Only the lines from the one with "GUCCI GG Canvas" to the end of the data below should be returned, each exactly as it stands.

++++

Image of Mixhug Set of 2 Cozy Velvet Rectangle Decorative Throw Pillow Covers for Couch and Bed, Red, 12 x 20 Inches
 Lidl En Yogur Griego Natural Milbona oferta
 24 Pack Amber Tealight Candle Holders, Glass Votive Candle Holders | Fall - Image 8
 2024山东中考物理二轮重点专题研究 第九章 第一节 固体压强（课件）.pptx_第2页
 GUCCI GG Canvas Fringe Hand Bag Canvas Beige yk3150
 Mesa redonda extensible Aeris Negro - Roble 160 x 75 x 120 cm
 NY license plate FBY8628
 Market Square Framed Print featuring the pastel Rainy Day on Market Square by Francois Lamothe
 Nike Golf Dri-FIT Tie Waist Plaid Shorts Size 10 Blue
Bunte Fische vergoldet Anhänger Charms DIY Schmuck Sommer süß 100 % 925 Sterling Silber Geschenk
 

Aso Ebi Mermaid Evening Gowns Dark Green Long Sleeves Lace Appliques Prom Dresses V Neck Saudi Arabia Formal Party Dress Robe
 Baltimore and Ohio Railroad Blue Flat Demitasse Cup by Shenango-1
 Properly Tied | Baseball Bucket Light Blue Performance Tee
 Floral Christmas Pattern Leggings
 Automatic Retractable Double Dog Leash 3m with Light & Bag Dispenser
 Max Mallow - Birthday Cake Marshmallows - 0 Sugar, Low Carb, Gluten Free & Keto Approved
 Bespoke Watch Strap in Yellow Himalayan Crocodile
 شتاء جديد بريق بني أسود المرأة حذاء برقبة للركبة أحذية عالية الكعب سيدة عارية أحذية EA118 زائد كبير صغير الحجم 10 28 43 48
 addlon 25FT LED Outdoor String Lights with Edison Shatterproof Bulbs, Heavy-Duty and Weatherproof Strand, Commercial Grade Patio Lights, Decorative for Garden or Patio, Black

++++

> [ANSWER AREA]
 GUCCI GG Canvas Fringe Hand Bag Canvas Beige yk3150
 Mesa redonda extensible Aeris Negro - Roble 160 x 75 x 120 cm
 NY license plate FBY8628
 Market Square Framed Print featuring the pastel Rainy Day on Market Square by Francois Lamothe
 Nike Golf Dri-FIT Tie Waist Plaid Shorts Size 10 Blue
Bunte Fische vergoldet Anhänger Charms DIY Schmuck Sommer süß 100 % 925 Sterling Silber Geschenk
 

Aso Ebi Mermaid Evening Gowns Dark Green Long Sleeves Lace Appliques Prom Dresses V Neck Saudi Arabia Formal Party Dress Robe
 Baltimore and Ohio Railroad Blue Flat Demitasse Cup by Shenango-1
 Properly Tied | Baseball Bucket Light Blue Performance Tee
 Floral Christmas Pattern Leggings
 Automatic Retractable Double Dog Leash 3m with Light & Bag Dispenser
 Max Mallow - Birthday Cake Marshmallows - 0 Sugar, Low Carb, Gluten Free & Keto Approved
 Bespoke Watch Strap in Yellow Himalayan Crocodile
 شتاء جديد بريق بني أسود المرأة حذاء برقبة للركبة أحذية عالية الكعب سيدة عارية أحذية EA118 زائد كبير صغير الحجم 10 28 43 48
 addlon 25FT LED Outdoor String Lights with Edison Shatterproof Bulbs, Heavy-Duty and Weatherproof Strand, Commercial Grade Patio Lights, Decorative for Garden or Patio, Black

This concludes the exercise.